▶ **TO DO**
The lines to copy are those with "default" in them. Pull each one from the entries below.

Stored data
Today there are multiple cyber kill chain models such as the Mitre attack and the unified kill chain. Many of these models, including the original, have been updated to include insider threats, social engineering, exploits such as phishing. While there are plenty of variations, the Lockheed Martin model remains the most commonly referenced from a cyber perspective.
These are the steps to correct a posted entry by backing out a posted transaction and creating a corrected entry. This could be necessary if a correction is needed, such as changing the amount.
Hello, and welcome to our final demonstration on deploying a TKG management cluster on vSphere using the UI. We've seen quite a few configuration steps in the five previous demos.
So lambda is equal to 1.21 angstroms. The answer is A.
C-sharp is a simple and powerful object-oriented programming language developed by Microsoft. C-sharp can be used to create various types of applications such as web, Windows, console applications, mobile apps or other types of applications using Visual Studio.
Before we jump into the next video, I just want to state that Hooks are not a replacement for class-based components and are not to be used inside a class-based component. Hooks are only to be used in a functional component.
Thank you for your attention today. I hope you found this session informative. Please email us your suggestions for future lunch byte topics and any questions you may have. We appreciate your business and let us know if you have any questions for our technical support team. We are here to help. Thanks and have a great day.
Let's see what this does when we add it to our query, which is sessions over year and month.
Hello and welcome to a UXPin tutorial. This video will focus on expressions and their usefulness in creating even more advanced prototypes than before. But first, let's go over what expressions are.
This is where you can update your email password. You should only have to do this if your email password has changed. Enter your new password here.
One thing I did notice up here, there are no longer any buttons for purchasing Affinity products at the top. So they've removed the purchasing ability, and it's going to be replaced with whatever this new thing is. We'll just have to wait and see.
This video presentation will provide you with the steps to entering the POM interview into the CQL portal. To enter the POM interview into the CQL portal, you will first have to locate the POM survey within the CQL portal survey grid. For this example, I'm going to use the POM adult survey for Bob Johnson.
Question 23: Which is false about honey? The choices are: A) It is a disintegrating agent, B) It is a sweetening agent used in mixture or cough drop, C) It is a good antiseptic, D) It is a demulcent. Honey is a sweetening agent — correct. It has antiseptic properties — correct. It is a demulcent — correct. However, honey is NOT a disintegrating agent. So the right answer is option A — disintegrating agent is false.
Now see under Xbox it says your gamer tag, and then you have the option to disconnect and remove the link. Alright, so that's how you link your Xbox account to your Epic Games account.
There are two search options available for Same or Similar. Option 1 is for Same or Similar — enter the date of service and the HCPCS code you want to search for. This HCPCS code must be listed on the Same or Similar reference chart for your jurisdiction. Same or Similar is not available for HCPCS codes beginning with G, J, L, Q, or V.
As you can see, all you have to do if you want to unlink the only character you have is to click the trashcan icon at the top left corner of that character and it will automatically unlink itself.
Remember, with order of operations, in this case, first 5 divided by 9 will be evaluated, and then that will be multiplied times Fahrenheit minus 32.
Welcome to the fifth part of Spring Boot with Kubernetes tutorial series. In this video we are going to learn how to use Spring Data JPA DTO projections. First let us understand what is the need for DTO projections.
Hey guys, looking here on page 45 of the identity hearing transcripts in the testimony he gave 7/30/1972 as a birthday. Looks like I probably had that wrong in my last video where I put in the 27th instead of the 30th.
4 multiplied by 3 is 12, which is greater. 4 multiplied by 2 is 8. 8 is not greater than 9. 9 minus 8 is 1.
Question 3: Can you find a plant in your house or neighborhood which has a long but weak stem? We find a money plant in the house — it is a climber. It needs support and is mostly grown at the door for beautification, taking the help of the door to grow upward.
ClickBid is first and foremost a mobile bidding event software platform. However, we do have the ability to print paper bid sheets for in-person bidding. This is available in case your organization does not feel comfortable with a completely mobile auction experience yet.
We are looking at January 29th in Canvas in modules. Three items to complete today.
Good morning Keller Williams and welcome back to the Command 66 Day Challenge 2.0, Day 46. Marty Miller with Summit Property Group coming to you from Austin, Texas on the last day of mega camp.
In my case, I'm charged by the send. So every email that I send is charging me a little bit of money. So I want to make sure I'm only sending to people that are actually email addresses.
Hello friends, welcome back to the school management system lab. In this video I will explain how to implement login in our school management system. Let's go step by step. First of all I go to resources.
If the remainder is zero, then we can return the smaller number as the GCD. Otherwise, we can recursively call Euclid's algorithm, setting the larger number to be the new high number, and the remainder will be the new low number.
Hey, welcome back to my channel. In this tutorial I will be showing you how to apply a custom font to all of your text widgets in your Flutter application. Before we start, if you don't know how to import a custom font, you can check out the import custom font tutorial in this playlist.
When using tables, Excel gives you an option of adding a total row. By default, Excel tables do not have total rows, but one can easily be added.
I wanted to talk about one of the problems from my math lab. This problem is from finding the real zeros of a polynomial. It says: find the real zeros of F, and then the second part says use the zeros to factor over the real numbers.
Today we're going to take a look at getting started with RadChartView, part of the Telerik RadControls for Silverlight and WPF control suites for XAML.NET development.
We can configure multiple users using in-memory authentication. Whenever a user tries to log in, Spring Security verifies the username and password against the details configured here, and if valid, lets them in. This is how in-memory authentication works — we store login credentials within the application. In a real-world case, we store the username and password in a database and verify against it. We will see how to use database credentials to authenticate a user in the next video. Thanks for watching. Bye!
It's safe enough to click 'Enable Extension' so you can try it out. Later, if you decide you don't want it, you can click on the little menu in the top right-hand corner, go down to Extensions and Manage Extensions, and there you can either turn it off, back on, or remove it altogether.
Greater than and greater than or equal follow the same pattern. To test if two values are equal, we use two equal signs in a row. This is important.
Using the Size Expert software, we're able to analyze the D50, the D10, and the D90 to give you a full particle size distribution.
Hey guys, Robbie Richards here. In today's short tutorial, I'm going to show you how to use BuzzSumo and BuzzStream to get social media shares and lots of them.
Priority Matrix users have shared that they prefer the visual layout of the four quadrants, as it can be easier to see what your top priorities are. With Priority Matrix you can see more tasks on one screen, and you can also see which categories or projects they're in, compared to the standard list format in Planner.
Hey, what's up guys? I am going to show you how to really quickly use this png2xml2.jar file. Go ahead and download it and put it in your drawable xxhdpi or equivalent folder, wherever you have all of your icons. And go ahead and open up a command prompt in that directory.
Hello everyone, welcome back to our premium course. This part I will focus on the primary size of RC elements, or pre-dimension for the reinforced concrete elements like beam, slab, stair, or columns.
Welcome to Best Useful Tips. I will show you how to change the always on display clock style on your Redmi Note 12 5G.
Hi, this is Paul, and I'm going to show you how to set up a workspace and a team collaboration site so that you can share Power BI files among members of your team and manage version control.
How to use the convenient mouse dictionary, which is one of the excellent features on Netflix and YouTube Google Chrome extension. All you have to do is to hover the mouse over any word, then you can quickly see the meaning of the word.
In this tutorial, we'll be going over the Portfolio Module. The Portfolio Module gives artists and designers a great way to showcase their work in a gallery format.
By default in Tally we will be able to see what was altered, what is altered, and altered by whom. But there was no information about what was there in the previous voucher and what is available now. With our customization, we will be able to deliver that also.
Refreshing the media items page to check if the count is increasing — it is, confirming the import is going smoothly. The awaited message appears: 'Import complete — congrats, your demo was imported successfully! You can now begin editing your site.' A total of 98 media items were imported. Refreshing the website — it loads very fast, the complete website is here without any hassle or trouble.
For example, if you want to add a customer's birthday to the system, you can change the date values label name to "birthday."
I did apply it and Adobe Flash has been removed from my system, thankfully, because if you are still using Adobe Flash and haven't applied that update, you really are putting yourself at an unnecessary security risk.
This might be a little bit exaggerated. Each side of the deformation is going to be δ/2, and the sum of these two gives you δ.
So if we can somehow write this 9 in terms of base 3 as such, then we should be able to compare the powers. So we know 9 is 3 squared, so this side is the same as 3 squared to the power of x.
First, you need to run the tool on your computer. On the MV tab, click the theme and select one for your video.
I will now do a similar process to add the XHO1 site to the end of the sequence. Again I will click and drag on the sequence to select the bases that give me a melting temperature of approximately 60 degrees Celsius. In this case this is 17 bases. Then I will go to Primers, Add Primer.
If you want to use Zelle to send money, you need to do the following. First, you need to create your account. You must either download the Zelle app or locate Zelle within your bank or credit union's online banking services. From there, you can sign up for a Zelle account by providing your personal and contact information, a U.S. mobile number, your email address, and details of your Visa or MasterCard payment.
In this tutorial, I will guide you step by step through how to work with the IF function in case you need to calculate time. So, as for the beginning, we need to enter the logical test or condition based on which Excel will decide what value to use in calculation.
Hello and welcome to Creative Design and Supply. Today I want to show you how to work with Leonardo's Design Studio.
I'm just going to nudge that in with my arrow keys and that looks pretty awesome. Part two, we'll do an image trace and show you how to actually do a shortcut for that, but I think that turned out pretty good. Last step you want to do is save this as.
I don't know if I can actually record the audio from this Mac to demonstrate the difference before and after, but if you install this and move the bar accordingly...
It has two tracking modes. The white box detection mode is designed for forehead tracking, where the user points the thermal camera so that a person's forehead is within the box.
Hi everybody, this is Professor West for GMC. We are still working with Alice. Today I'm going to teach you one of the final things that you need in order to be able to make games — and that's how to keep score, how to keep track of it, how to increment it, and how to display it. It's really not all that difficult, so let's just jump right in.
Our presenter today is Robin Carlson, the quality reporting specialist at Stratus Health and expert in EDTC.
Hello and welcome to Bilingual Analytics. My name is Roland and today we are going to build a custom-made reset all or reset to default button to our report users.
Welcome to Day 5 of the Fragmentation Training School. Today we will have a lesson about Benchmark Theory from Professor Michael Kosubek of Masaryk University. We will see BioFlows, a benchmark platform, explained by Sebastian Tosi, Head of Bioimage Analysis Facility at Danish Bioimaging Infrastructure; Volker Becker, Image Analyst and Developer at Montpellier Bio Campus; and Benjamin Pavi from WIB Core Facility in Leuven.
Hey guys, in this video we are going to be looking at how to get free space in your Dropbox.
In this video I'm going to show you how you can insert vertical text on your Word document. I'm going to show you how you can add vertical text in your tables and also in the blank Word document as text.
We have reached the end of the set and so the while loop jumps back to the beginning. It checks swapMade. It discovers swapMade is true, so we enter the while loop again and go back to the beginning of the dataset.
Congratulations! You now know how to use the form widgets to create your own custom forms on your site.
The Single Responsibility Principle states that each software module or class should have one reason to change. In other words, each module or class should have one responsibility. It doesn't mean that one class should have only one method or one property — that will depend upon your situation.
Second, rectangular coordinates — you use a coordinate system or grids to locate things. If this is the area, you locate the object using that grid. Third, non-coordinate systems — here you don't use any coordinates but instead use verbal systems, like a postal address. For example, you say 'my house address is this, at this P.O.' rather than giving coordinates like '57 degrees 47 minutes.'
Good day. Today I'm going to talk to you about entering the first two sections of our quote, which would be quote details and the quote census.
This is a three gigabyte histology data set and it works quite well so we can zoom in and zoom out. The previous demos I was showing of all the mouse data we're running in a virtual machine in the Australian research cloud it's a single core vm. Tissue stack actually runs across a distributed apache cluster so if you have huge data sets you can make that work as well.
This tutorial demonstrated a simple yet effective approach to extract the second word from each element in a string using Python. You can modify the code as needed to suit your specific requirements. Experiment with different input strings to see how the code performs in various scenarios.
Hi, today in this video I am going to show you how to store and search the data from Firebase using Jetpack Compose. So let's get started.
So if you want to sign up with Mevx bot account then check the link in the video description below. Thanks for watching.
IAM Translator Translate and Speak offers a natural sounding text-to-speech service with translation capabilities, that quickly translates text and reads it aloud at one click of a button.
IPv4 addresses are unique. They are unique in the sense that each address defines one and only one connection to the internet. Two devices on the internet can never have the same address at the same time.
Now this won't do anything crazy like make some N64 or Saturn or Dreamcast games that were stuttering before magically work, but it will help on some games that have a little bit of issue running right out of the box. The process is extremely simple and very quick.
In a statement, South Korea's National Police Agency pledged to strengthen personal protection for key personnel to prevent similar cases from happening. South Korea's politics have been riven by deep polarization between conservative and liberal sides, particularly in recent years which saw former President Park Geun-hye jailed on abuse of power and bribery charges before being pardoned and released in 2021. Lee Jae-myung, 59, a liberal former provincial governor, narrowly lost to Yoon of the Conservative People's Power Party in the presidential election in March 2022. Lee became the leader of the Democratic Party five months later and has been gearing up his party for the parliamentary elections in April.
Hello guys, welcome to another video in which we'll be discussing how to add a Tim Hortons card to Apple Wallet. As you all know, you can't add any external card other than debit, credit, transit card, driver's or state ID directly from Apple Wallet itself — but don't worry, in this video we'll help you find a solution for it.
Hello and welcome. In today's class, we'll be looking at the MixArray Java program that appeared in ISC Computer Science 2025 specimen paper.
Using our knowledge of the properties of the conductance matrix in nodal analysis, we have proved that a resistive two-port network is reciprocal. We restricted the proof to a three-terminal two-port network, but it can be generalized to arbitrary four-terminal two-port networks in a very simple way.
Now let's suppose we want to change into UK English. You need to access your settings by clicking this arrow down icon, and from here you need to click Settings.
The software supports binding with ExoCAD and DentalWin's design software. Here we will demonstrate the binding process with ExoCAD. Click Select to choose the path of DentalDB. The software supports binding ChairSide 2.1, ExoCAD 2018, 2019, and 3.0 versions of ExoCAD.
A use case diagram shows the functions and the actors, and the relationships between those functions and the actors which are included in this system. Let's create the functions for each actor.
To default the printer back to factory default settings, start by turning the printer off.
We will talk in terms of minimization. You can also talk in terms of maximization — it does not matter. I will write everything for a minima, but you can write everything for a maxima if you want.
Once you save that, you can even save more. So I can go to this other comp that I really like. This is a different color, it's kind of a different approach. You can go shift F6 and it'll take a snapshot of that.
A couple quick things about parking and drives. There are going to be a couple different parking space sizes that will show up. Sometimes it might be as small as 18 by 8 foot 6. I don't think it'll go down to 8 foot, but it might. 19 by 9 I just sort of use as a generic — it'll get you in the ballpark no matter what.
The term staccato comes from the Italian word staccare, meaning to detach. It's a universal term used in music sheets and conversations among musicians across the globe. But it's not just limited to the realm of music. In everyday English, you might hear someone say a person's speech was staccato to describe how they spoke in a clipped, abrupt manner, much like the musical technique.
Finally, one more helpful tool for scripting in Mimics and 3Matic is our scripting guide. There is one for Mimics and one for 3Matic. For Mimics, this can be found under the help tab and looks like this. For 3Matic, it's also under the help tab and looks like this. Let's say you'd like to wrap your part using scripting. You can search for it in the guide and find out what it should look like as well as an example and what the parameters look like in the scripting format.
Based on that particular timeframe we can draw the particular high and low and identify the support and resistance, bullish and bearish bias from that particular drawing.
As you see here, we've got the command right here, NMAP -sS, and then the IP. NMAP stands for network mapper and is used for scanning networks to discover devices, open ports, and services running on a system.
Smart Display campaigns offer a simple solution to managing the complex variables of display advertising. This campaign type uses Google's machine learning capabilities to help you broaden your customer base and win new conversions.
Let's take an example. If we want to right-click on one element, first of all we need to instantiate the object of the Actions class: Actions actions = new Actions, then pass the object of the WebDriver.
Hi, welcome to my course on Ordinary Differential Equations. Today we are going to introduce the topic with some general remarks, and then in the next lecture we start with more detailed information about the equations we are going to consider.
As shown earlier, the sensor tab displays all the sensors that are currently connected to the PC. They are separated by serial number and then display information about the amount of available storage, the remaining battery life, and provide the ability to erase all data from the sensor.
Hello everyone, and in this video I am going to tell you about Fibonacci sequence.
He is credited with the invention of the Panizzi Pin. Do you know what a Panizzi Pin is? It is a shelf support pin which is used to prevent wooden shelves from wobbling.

▶ **SOLVED EXERCISE**
When using tables, Excel gives you an option of adding a total row. By default, Excel tables do not have total rows, but one can easily be added.
By default in Tally we will be able to see what was altered, what is altered, and altered by whom. But there was no information about what was there in the previous voucher and what is available now. With our customization, we will be able to deliver that also.
Hello and welcome to Bilingual Analytics. My name is Roland and today we are going to build a custom-made reset all or reset to default button to our report users.
To default the printer back to factory default settings, start by turning the printer off.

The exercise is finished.